The risks associated with a gas leak accident, listed from the bottom up, include R6 (Increase in tank pressure under the influence of seawater temperature), which refers to pressure fluctuations in pressurised tanks caused by rising seawater temperatures, R10 (Damage to tanker structure by marine organisms), which refers to the detection and assessment of harmful effects that are generally difficult to detect due to small marine organisms causing invisible damage to the hull, and R13 (Extreme weather conditions), which refers to the increasing frequency and intensity of meteorological events that pose a critical threat to navigation and port operations. These risks—R6, R10, and R13—are linked through the ‘OR’ gate and represent potential risks that could contribute to the triggering of risk R11 (Large gas leakage due to accident).
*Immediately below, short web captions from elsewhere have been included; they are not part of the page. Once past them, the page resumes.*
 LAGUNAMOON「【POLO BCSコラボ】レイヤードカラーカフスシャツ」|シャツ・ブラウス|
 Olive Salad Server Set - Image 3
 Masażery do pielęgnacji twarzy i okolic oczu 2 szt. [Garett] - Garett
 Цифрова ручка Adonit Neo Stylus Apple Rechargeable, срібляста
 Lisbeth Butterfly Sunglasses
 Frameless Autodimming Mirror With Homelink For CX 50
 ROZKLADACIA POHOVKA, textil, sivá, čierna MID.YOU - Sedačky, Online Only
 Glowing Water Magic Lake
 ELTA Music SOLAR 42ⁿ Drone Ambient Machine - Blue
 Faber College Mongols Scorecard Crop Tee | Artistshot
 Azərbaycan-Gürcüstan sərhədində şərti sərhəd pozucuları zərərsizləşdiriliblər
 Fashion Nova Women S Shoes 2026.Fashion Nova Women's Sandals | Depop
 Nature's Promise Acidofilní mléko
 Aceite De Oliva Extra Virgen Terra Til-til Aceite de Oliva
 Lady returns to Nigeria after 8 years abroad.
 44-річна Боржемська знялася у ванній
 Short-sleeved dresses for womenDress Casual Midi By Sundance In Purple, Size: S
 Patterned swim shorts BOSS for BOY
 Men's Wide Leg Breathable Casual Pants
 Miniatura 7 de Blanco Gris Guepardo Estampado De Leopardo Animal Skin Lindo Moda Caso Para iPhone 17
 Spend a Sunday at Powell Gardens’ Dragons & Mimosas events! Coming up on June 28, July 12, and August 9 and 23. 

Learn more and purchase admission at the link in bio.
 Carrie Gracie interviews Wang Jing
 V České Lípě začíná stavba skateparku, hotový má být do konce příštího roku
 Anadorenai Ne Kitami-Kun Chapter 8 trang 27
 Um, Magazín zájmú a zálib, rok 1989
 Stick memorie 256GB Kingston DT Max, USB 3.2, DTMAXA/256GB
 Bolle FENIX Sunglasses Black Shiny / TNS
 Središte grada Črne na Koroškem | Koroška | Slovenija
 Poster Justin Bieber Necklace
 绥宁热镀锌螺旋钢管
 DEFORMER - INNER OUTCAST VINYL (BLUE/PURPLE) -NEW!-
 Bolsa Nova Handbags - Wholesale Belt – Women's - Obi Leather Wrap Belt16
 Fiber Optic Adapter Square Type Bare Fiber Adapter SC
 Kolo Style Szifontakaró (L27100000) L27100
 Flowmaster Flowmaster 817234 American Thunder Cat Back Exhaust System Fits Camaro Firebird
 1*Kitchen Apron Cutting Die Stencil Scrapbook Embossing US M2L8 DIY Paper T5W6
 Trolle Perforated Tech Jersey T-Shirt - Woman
R3 (Corrosion and leakage in tank or piping systems) and R7 (Hose or manifold damage during loading/unloading) represent potential risk factors associated with damage to storage and operational equipment. These risks are connected by an ‘OR’ gate, as either can contribute to R11 (Large gas leakage due to accident) by causing equipment failure or system malfunction during operations.

R16 (Failure of cargo tank pressure control systems) is a risk indicating the failure of pressure control mechanisms, while R20 (Impact on cargo and ship operations due to cyber-attacks) is a risk arising from the increasing reliance on automation and digitalisation in ship management systems, which may expose security vulnerabilities. R20 is a risk that affects R16 and is linked to R16 by an AND gate, representing potential risks that contribute to triggering risk R11 (Large gas leakage due to accident).

Risk R2 (Gas leakage following collision or grounding) is a risk that may occur during the voyage or manoeuvring of the ship and results from potential contributing factors. Risk R8 (Risk of collision/crash during harbour or berthing) is particularly relevant for ships manoeuvring in narrow areas in ports. These risks are linked by an ‘OR’ gate as they cause the risks R2 and R8. Risk R19 (Inadequate post-accident contingency plans) reflects this inadequacy and is linked as an influencing risk by an AND gate to risks R2 and R8, which together represent potential risks contributing to the triggering of risk R11 (Large gas leakage due to accident).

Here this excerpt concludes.